Conseillers financiers et gestionnaires d'actifs s'accordent à dire que ces deux approches peuvent servir les intérêts des investisseurs. Toutefois, arbitrer cette tension exige une réflexion approfondie sur la tolérance au risque et l'appétit pour la volatilité, des notions implicites dans les décisions indicielles souvent présentées comme des solutions universelles.
« L'introduction en bourse (IPO) fait les gros titres, mais le véritable enjeu réside dans la méthodologie indicielle », explique Dina Ting, responsable de la gestion de portefeuilles indiciels mondiaux chez Franklin Templeton. « Les investisseurs doivent être vigilants... car la nature de vos actifs dépend de l'indice que vous choisissez d'acheter. »
Selon les investisseurs et les concepteurs d'indices, la vague de méga-introductions en bourse amorcée par SpaceX — et qui devrait se poursuivre cette année avec les fleurons de l'intelligence artificielle (IA) Anthropic et OpenAI — pourrait forcer une réévaluation des indices afin de vérifier s'ils correspondent réellement au profil de risque recherché par les épargnants.
Pour l'heure, la décision du Nasdaq d'intégrer rapidement SpaceX à son indice phare, le Nasdaq 100, tandis que S&P Dow Jones Indices, qui gère l'indice de référence S&P 500, a choisi de temporiser, devrait renforcer la réputation du Nasdaq auprès de ceux qui acceptent de fortes variations de cours en échange de gains potentiellement élevés.
« Les performances vont être très différentes car tous les indices ont pris des décisions actives concernant les titres à inclure, le moment de leur intégration et leur pondération », souligne Joel Schneider, responsable adjoint de la gestion de portefeuille chez Dimensional Fund Advisors, une société d'investissement dont l'approche se veut « au-delà de l'indexation ».
M. Schneider ajoute que cette vague de méga-IPO « pousse les conseillers et les investisseurs à prêter davantage attention à ces décisions, à la manière dont elles sont prises et à leurs implications. »
COURSE À L'INTÉGRATION DANS LES GRANDS INDICES
Dans les mois précédant sa cotation, SpaceX a cherché à accélérer son admission au sein des grands indices, notamment le S&P 500, l'indice américain le plus suivi au monde, et le Nasdaq 100, vitrine historique des géants technologiques américains.
Les investisseurs achètent des fonds communs de placement et des fonds indiciels cotés (ETF) qui répliquent ces indices pour obtenir une exposition large, à l'image de l'ETF Invesco QQQ pour le Nasdaq 100 ou du State Street SPDR S&P 500 ETF.
« Je pense que les investisseurs les plus agressifs délaissent depuis des années le SPY au profit du QQQ. La décision des différents fournisseurs d'indices va accentuer cette tendance », estime Eric Kuby, directeur des investissements chez North Star Investment Management Corp.
En modifiant ses règles pour intégrer SpaceX moins d'un mois après sa cotation, le Nasdaq renoue avec ses origines : promouvoir des entreprises à forte croissance qui, dans certains cas, n'ont pas encore généré de résultats financiers solides.

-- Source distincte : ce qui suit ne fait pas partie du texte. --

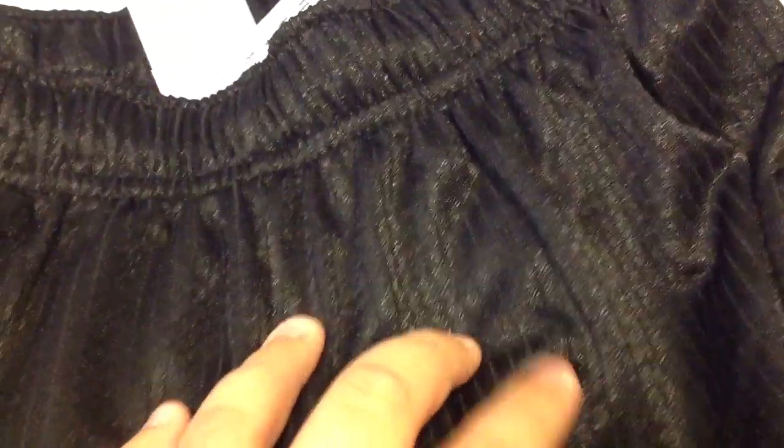Stretching these out — I don't know if you can see, but there's a pinstripe there. It's a little bit of texture and looks glossy.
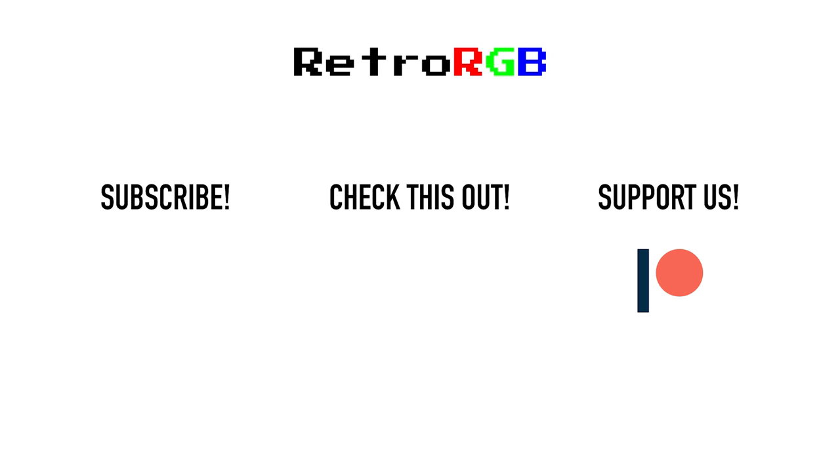If you liked this video and want to learn more about retro gaming, subscribe to this channel and consider signing up for any of the support services. Also, if you'd like to be kept in the loop of everything going on in the retro gaming scene, check out the weekly podcast, available as a video and everywhere audio podcasts are found.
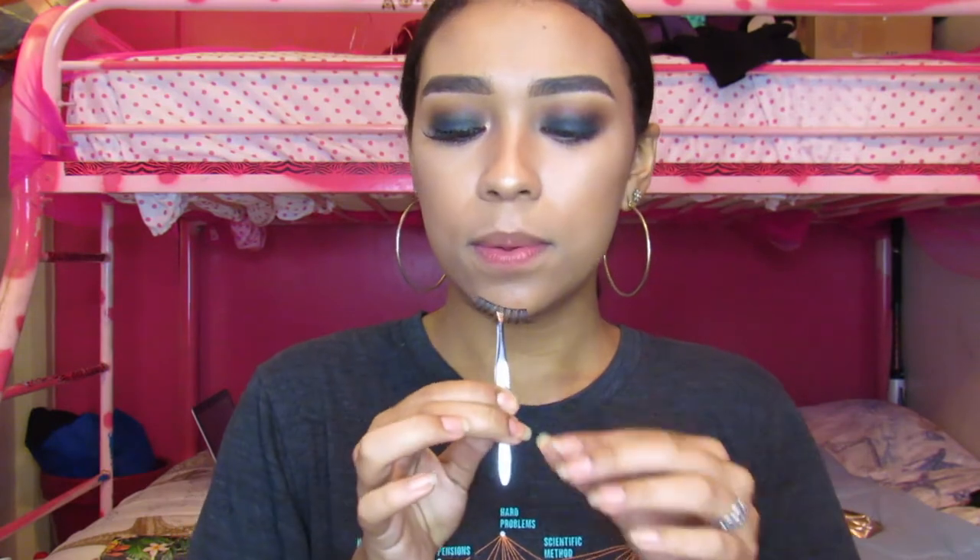Now for lashes I will be using the Kiss Express Demi Whispies. A lot of people have been asking where I get these — you can just get them in your beauty supply, they're like $2 to $4, about $3 something. They're really good, I really like the Kiss ones. I really want to try the Ardell lashes but they don't really sell them in the beauty supply — I saw some in Charlotte Russe actually. I'm just waiting for my glue to get tacky and I'll be popping these on.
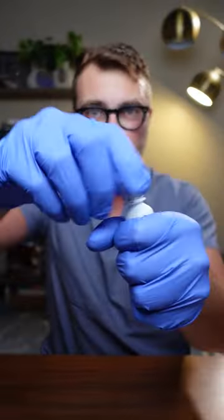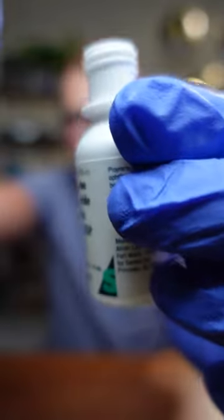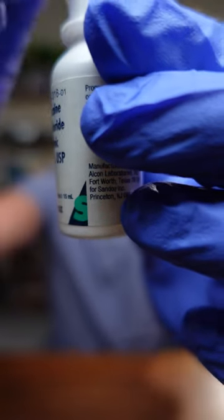Put on your gloves, open up the strip, rip off the orange piece — one, two, three — drop it in, put the top back on, and shake it all up. Now you have these nice fluorescein-infused proparacaine drops.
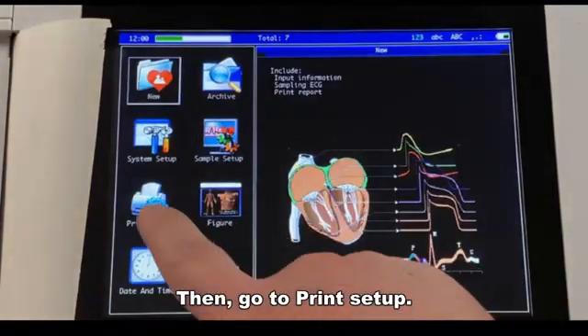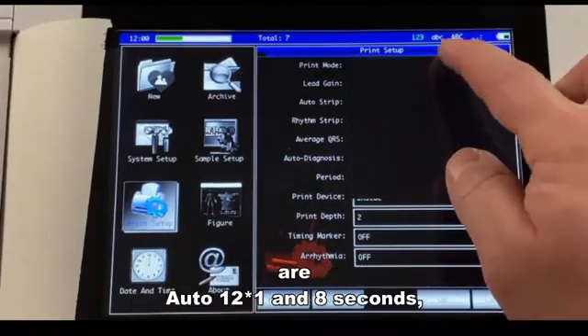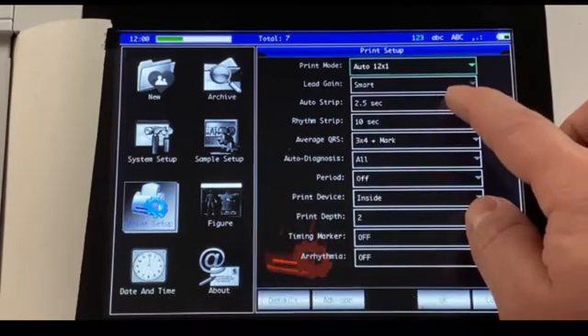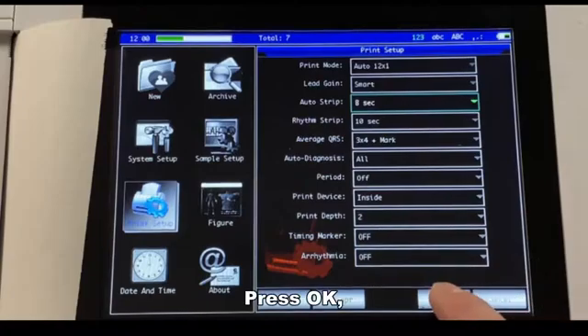Then go to Print Setup. Our suggestion for the print mode and the auto strip are Auto 12×1 and 8 seconds. Press OK.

Si Anthropic et OpenAI venaient également à être cotées sur le Nasdaq, cela pourrait mettre en lumière une déconnexion des valorisations sur les marchés américains, inédite depuis l'éclatement de la bulle technologique des années 2000.
MÉGA-IPO : ENTRE PRESTIGE ET RISQUE
Les fonds indiciels S&P 500, qui gèrent des milliers de milliards de dollars d'actifs, auraient été contraints d'acheter des actions SpaceX si les règles avaient été modifiées pour permettre son admission. Les trois plus grands ETF répliquant le S&P 500 (Vanguard, Invesco et State Street) totalisent 3 200 milliards de dollars d'actifs sous gestion, contre environ 600 milliards de dollars pour les principaux fonds Nasdaq 100.
Le refus du S&P 500 d'intégrer immédiatement SpaceX et des sociétés similaires pourrait accentuer la divergence des rendements entre les grands indices par rapport aux années précédentes. Cela crée un dilemme pour les investisseurs, attirés par le prestige des offres liées à l'IA, mais sceptiques face au risque que représentent des valorisations d'IPO dépassant les mille milliards de dollars.
« En général, si vous êtes plutôt en mode "risk-on" (appétence au risque), le QQQ a la capacité d'inclure des entreprises qui ne sont pas rentables », explique King Lip, stratège en chef chez BakerAvenue Wealth Management à San Francisco. « Dans un marché "risk-off" (aversion au risque), le S&P s'en sortira probablement mieux d'un point de vue global. »
M. Schneider souligne qu'une étude publiée ce mois-ci dans la revue académique Review of Asset Pricing Studies montre que les IPO bénéficiant d'une procédure d'intégration accélérée surperforment leurs homologues de 5 points de pourcentage jusqu'à la date d'inclusion dans l'indice — mais que les titres reperdent plus de la moitié de ces gains dans les deux semaines qui suivent.
Certes, les fonds liés au S&P 500 conservent une forte exposition aux valeurs technologiques et aux tendances liées à l'IA qui ont porté les marchés à la hausse, ce qui pourrait également les rendre vulnérables aux yeux de certains investisseurs.
« De toute évidence, l'inclusion précoce de certaines de ces sociétés dans les indices est un changement ; les investisseurs passifs vont se retrouver avec des portefeuilles sans doute plus risqués qu'historiquement », prévient le vendeur à découvert Jim Chanos. Ce dernier a averti que l'offre de SpaceX est alimentée par des « espoirs et des rêves » qui ne justifient pas sa valorisation. « Et concernant le marché haussier de l'IA, dans la mesure où il y a un aspect systémique, c'est simplement que les portefeuilles d'actions sont devenus beaucoup plus risqués. »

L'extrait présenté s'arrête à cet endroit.